Whether you like it, hate it or just use it to decorate, you probably think of candy corn as a Halloween treat. But in the beginning, it was associated more with chickens than the spooky holiday.

Candy corn’s origins are a little iffy, but it seems to have come out around the 1880s, a time when candy companies were mixing up slurries of mellowcreme and molding the confection into the shape of pumpkins, chestnuts, turnips and other agricultural products. Farmers made up about half of the American labor force, and companies marketed agriculture-themed candies to children in farm country all year round.

Enter candy corn, which featured the innovation of three hand-layered colors. Oral histories identify the inventor of candy corn as George Renninger, an employee at Wunderle Candy Company in Philadelphia. Wunderle was the first company to sell these multi-colored treats made of sugar and corn syrup, according to the National Confectioners Association.

But it was the Goelitz Candy Company—now the Jelly Belly Candy Company—that really popularized the candy. In 1898, Goelitz picked up the recipe and started marketing the kernels as a candy called “Chicken Feed,” writes Rebecca Rupp in National Geographic. That’s because before World War I, most Americans didn’t really think of corn as people food.

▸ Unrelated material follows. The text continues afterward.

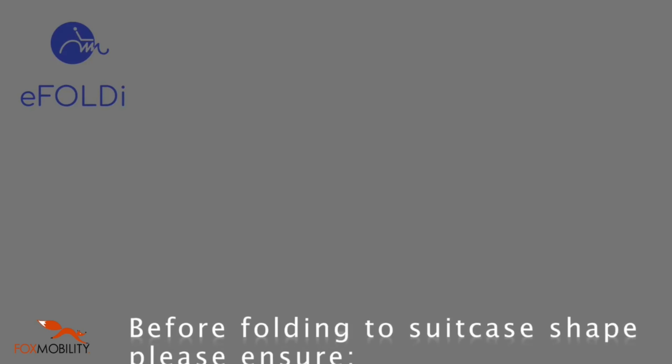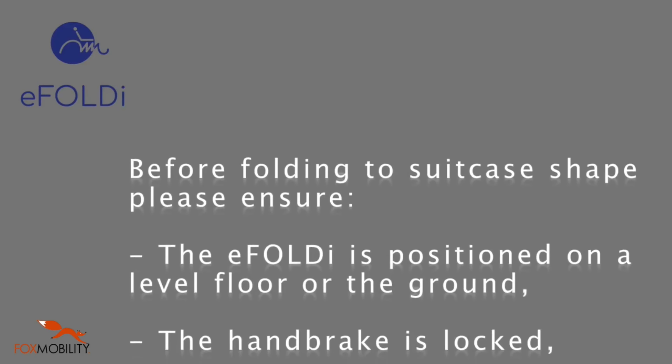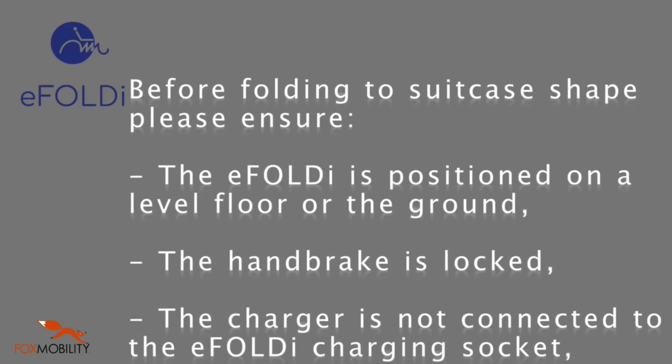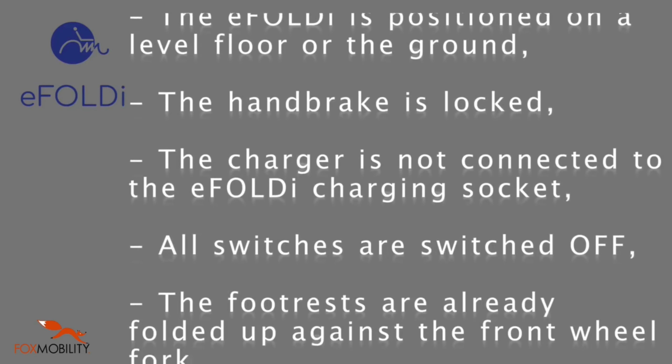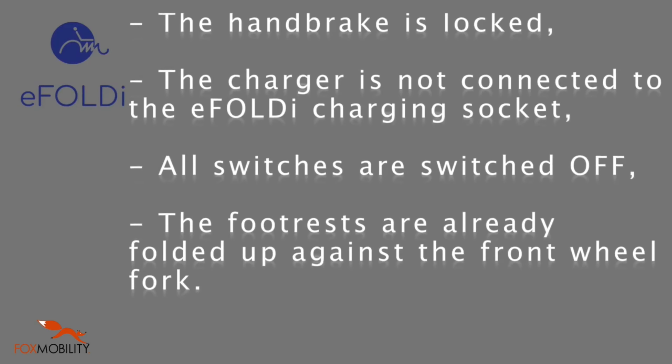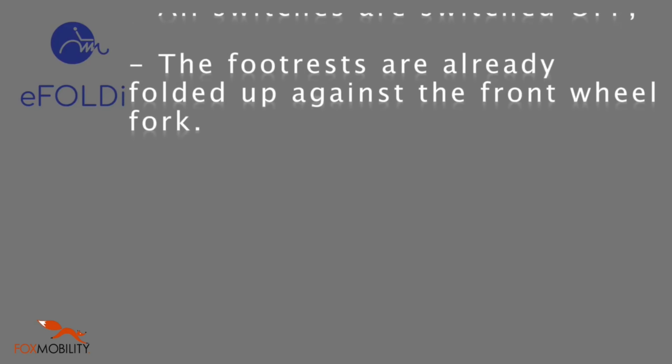Folding the eFoldie from a scooter to a suitcase. Before folding, please ensure the eFoldie is positioned on a level floor or ground. The handbrake is locked. The charger is not connected to the eFoldie charging socket. All switches are switched off. The foot rests are already folded up against the front wheel fork.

“There were no sweet hybrids in those days,” writes Samira Kawash, author of Candy: A Century of Panic and Pleasure, in The Atlantic. “Corn was coarse and cheap and not very tasty: good food for pigs and chickens. It wasn't until war-time wheat shortages in 1917 that any but the poorest Americans would have considered corn flour, corn meal, or corn bread acceptable foodstuffs.”

Even after World War I, candy corn maintained its association with chickens. Packages of Goelitz’s candy corn from the 1920s displayed a rooster and the motto, “King of the Candy Corn Fields.”

In the first half of the 20th century, candy corn became a common “penny candy.” These were the types of treats kids could buy in bulk for very little money. Kids most likely thought of them as candies to eat year-round than special ones to get on Halloween, which wasn’t yet specifically associated with candy. Candy corn might appear at Halloween parties, but also at celebrations for Thanksgiving and Easter.

“As Halloween became more and more dominated by candy beginning in the 1950s, candy corn increasingly became the candy for Halloween,” Kawash writes. “There was a dramatic spike in October advertising of candy corn beginning in the 1950s. Other kinds of candy were advertised for Halloween too, but they were advertised just as heavily during the rest of the year.”

Today, while it’s easy to find candy corn year-round (the National Confectioners Association estimates more than 35 million pounds of the candy are sold every year), it’s most prominent in October when, on the 30th, National Candy Corn Day honors the original “chicken feed” treat.